Extracted entries:
# # # # # # #

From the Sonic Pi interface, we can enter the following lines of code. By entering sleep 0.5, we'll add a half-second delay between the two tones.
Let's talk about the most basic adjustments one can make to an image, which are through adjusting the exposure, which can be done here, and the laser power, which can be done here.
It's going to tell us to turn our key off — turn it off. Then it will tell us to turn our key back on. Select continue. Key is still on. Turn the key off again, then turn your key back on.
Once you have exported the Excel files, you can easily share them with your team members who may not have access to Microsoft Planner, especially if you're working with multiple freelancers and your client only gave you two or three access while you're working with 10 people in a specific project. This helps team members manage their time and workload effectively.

# # # # # # #

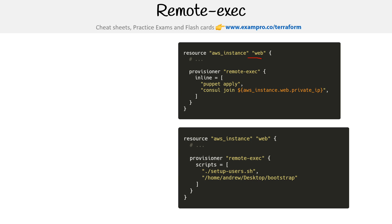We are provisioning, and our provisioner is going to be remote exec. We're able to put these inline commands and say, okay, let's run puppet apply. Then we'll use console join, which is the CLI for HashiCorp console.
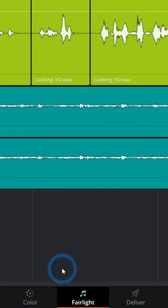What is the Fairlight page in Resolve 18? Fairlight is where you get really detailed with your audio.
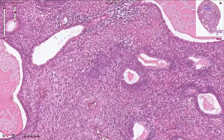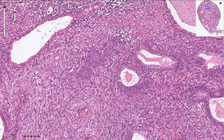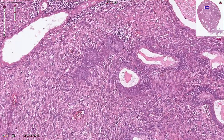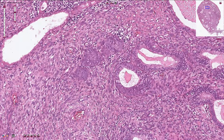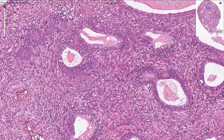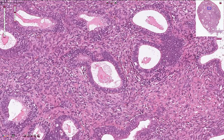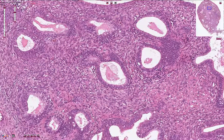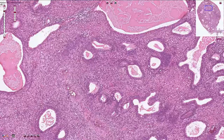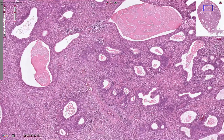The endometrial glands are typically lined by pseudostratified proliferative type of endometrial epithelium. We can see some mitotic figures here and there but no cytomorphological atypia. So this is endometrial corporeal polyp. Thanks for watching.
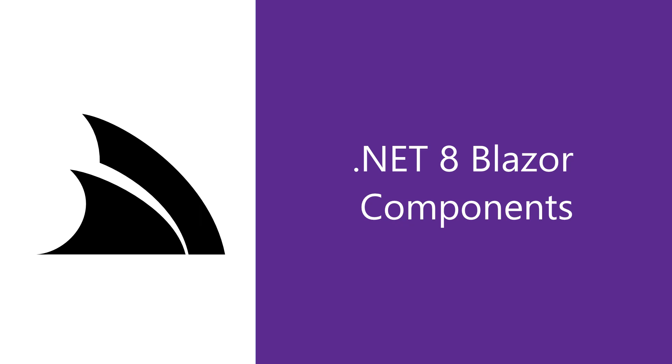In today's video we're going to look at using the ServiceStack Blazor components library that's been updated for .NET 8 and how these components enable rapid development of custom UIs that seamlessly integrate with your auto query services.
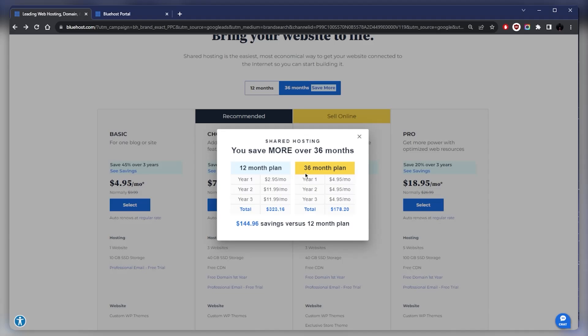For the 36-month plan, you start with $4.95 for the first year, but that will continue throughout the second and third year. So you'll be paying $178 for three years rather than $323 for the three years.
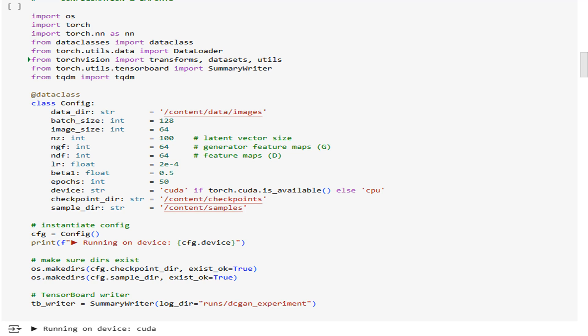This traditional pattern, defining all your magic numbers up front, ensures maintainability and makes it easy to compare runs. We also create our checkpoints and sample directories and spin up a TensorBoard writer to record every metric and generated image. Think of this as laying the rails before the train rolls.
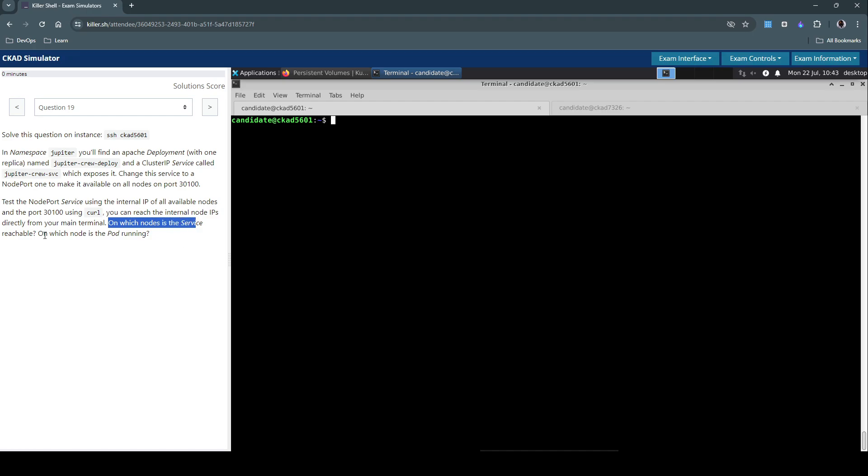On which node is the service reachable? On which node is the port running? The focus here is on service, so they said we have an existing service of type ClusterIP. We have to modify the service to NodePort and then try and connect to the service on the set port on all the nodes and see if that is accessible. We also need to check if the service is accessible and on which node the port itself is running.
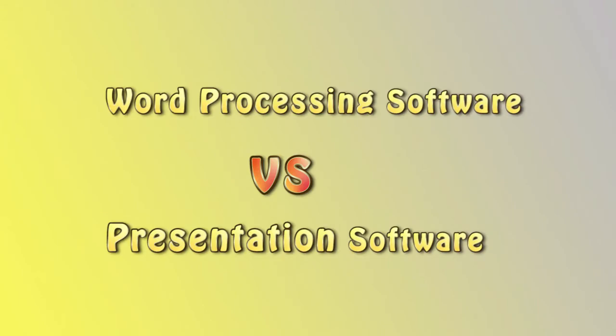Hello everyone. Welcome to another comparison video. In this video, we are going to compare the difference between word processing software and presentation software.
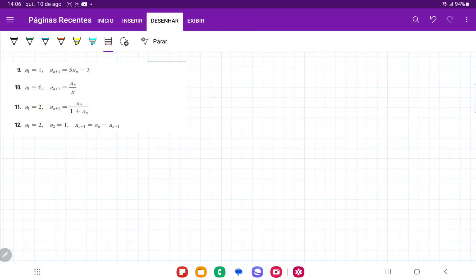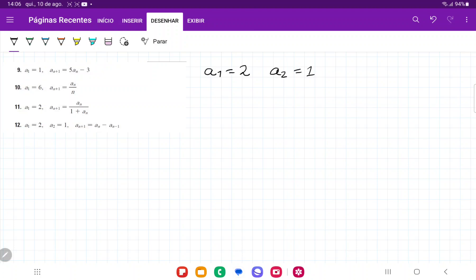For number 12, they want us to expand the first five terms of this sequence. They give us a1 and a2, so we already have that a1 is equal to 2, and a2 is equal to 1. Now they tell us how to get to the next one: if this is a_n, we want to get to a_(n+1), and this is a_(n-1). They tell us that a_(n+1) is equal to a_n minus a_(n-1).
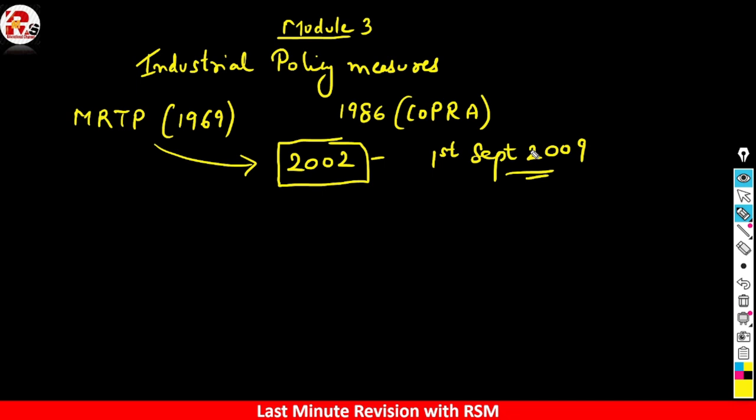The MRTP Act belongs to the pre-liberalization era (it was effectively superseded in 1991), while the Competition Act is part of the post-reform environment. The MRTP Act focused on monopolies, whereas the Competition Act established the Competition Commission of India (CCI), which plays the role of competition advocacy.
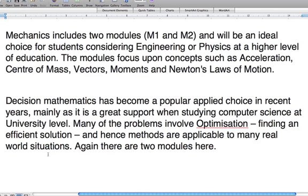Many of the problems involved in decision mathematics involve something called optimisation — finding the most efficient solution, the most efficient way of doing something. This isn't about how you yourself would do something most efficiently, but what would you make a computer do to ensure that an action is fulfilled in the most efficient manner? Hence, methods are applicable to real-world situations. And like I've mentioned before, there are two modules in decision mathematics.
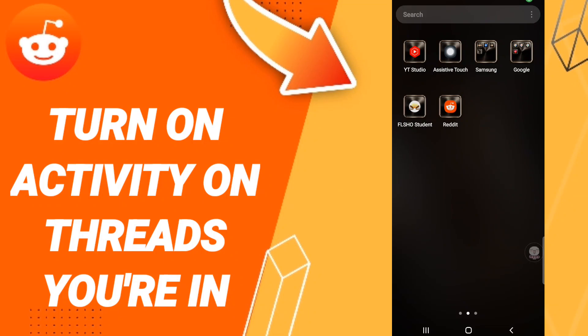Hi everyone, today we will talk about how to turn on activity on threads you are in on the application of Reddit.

# # # # # # #

Exercise objective: The lines above starting at the one that contains "From the Sonic" and ending at the one that contains "Once you have" must be transcribed exactly, and no other lines may appear.

Solution to this problem:
From the Sonic Pi interface, we can enter the following lines of code. By entering sleep 0.5, we'll add a half-second delay between the two tones.
Let's talk about the most basic adjustments one can make to an image, which are through adjusting the exposure, which can be done here, and the laser power, which can be done here.
It's going to tell us to turn our key off — turn it off. Then it will tell us to turn our key back on. Select continue. Key is still on. Turn the key off again, then turn your key back on.
Once you have exported the Excel files, you can easily share them with your team members who may not have access to Microsoft Planner, especially if you're working with multiple freelancers and your client only gave you two or three access while you're working with 10 people in a specific project. This helps team members manage their time and workload effectively.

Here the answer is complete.